Changing perceptions


A pineapple plantation in Pekan Nenas, Tanjung Piai. The state government is hoping to boost the agrofood business in Johor. — Filepic

JOHOR BARU: The Johor government has allocated over RM60mil to strengthen the state’s agrofood industry over the next two years.

Johor agriculture, agro-based and rural development committee chairman Datuk Samsolbari Jamali said the allocation reflected the government’s commitment to the industry and further its food security agenda.

“The agriculture and food industry is one of the most stable sectors during this economic crisis, resulting in it becoming a new source of income for the government, besides ensuring stability in the food supply.

“For 2021, the state government allocated RM27.65mil, which is the largest allocation ever provided for the agriculture, fisheries and veterinary sectors, with another RM35mil for 2022, ” he added.

Samsolbari said the allocations would involve the development of all activities within the value chain for agriculture and agrofood sector in Johor, and this would benefit all the players, no matter their size.

Agriculture activities in Johor are divided into two — commodity crops and agrofood crops.

“Almost 64% of agricultural land in Johor is being developed for commodity crops with only 36% for agrofood crop activity, ” he added.

He stressed that to ensure the success of the food security agenda, which touches upon level of readiness, usability, accessibility and supply stability, it was important to remember the fortunes of farmers, ranchers and fishermen who supplied food for everyone daily.

“The government has always focused on helping them so that their lives can be upgraded from time to time and they can get a steady and attractive income, ” he said, adding that the agrofood sector had the potential to meet this goal.

“The agrofood profession can also be made more attractive and ‘sexy’ to the community, in particular the youths, ” he added.

Samsolbari said there was a perception that only commodity agricultural activities such as oil palm and rubber plantations would bring in more profit.

However, he said there was now a higher awareness among the public and farmers that with the same land size, agrofood agricultural activities could bring higher returns compared to commodity crops.

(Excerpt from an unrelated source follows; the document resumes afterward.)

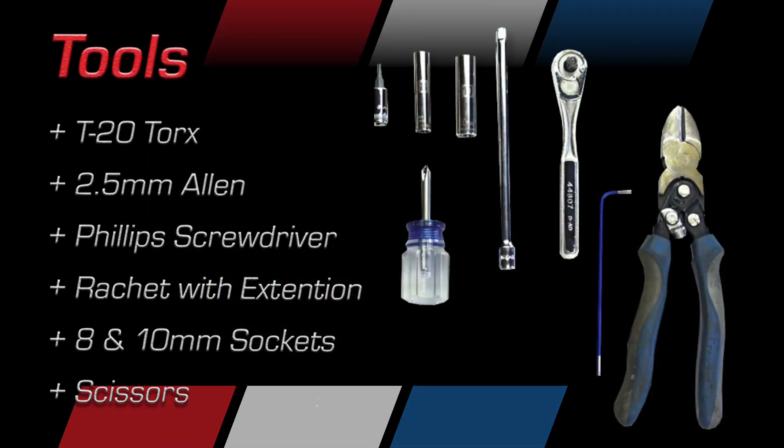To perform this installation, you'll need a T20 Torx, 2.5mm Allen Wrench, Phillips head screwdriver, a ratchet with an extension, 8 and 10mm sockets, and a pair of scissors.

The government’s main task, he added, was to provide a bigger marketing platform so that the farmers would have the confidence to market their produce.

To this end, the state government would be working closely with agencies such as Federal Agricultural Marketing Authority (Fama) and bodies such as the Area Farmers Organisations (PPK).

He added PPK had its own Agricultural Yield Collection Centre (PPHP), which played an important role in marketing various produce.

“The government allocated RM500,000 to upgrade the infrastructure of the PPHP handled by PPK Kluang and PPK Benut, ” he said.

Samsolbari also said that the government would be developing an export agriculture centre through cooperation with various quarters including the Federal Government as well as private and industry players in strengthening the sector in Johor.